Archive | September, 2017

Who’s the criminals here?

14 Sep

Monday I got up at 5 am so I could get a loaf of bread baked and finish my day’s chores around the rentals in time make it to a 4 pm Chico Internal Affairs Committee meeting.

You know, Fall is going to come down hard this year, mark my words – get your gutters clean and take a tube of caulk around your eaves and windows. We swept the siding too, looks like it just got a fresh coat of paint.  That’s always a good way to see stuff that needs attention, like bubbling paint, or rotten spots.

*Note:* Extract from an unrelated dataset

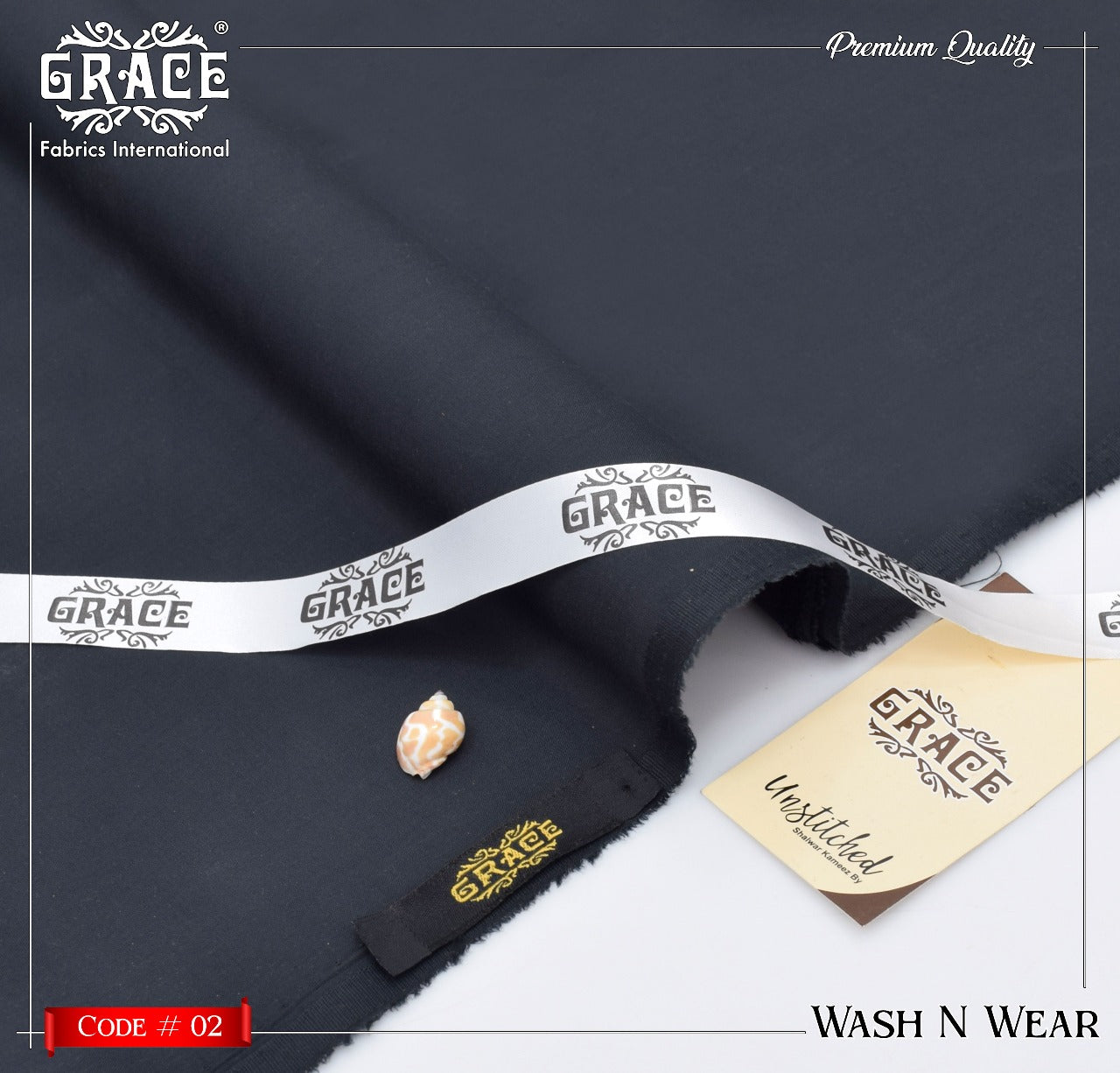 PDL | GRACE | CODE# 02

The bread turned out great, BTW.  S’cuse me – that should be ‘BLT’.  Our garden is finally putting out tomatoes now that the heat has let up.

And I made that 4 pm meeting.  No Stephanie Taber!?! I thought she attended allllllll the meetings!

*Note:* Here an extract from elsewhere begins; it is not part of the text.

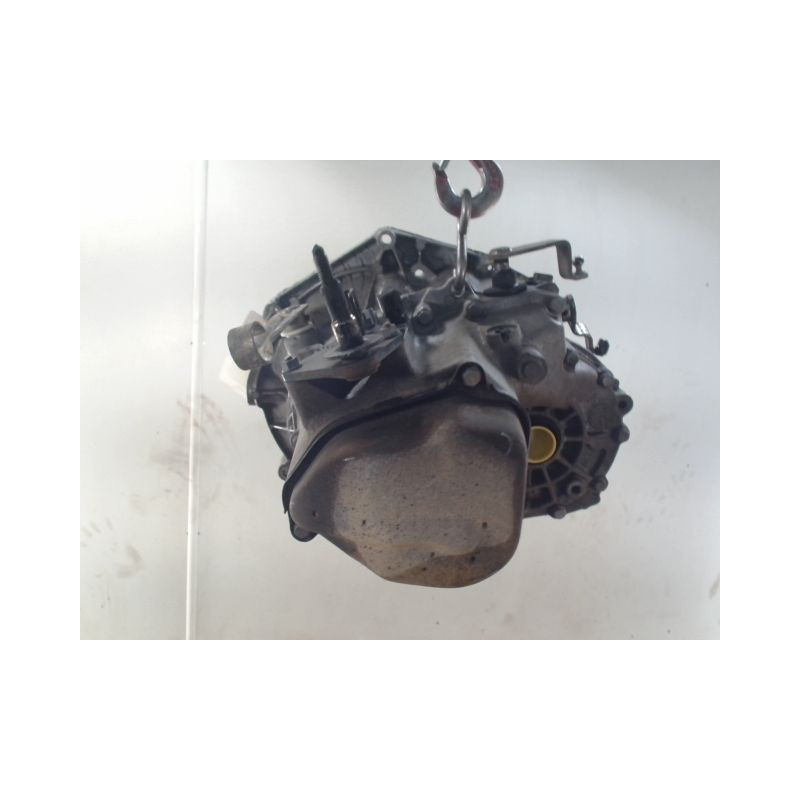 BOITE A VITESSE MECANIQUE PEUGEOT 206 1.4 i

Maybe she didn’t think it was that important – committee member Ann Schwab did not make it either.  I went, even though there was only one item on the agenda – a report on the status of Downtown public restrooms

In January the city decided to try leaving Downtown restrooms open 24 hours, in an attempt to curb (ha ha) public defecation and urination. This has been an increasing problem over the last five or more years.  My old buddy ;), Downtown business owner Lon Glazner, used to post pictures of human poop he routinely found outside his back door.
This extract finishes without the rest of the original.